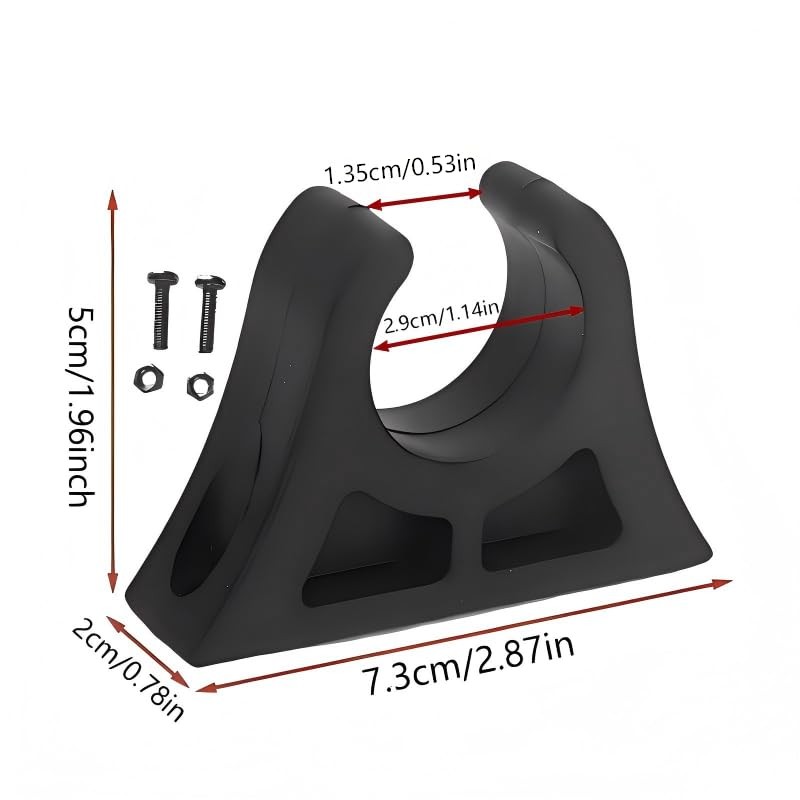 bohally Kayak Paddle Holder with Screws Rubber Boat Paddle Clips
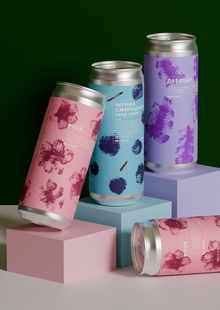 Дизайн упаковки для лимонадов бренда «ВкусВилл» 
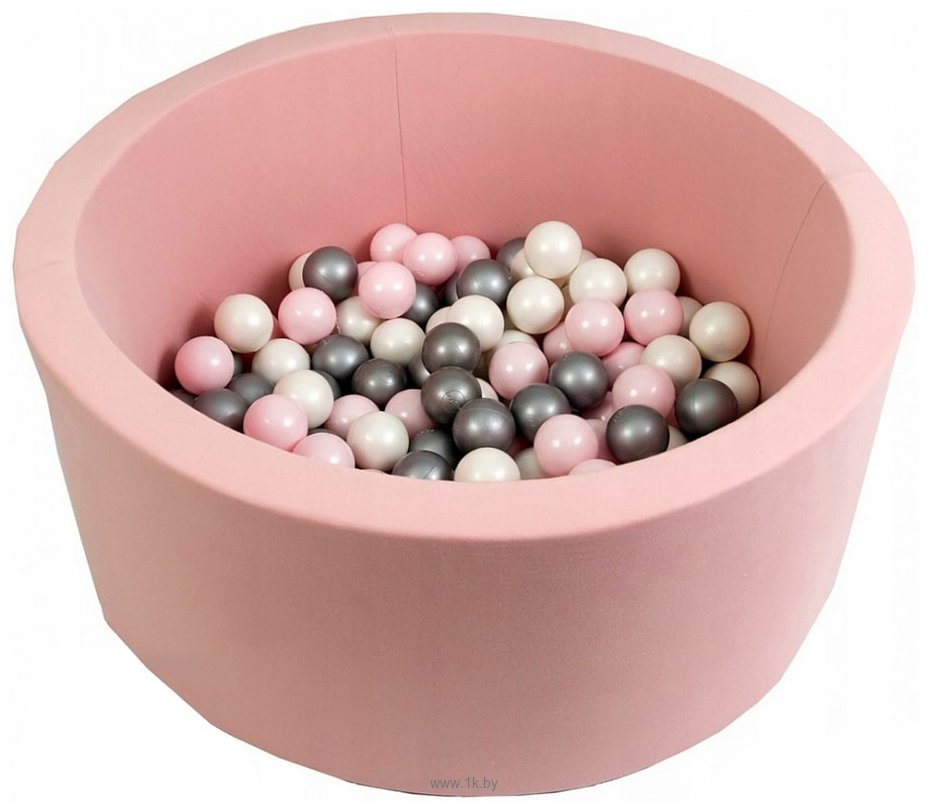 Фотографии Misioo 90x40 200 шаров (светло-розовый)
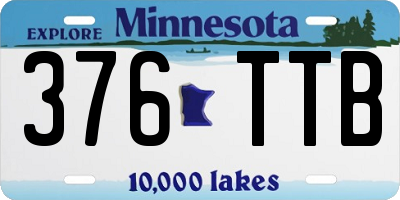 MN license plate 376TTB
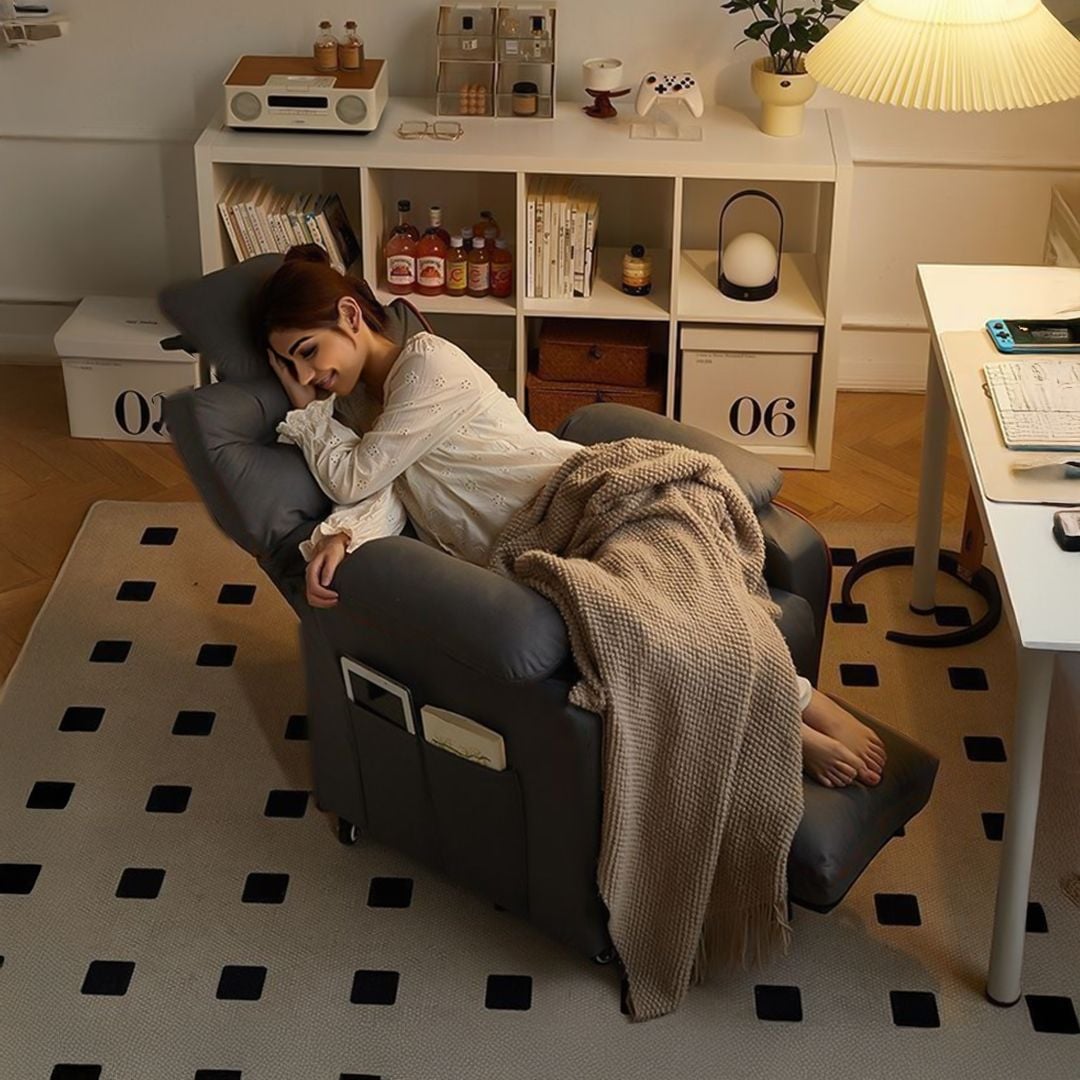 ريكلاينر مكتبي فاخر مع عجلات - 9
###
● WHAT THIS TASK INVOLVES
None of the pictures belongs in the answer, but all the entries must be repeated exactly.

● TASK ANSWER
 bohally Kayak Paddle Holder with Screws Rubber Boat Paddle Clips
 Дизайн упаковки для лимонадов бренда «ВкусВилл» 
 Фотографии Misioo 90x40 200 шаров (светло-розовый)
 MN license plate 376TTB
 ريكلاينر مكتبي فاخر مع عجلات - 9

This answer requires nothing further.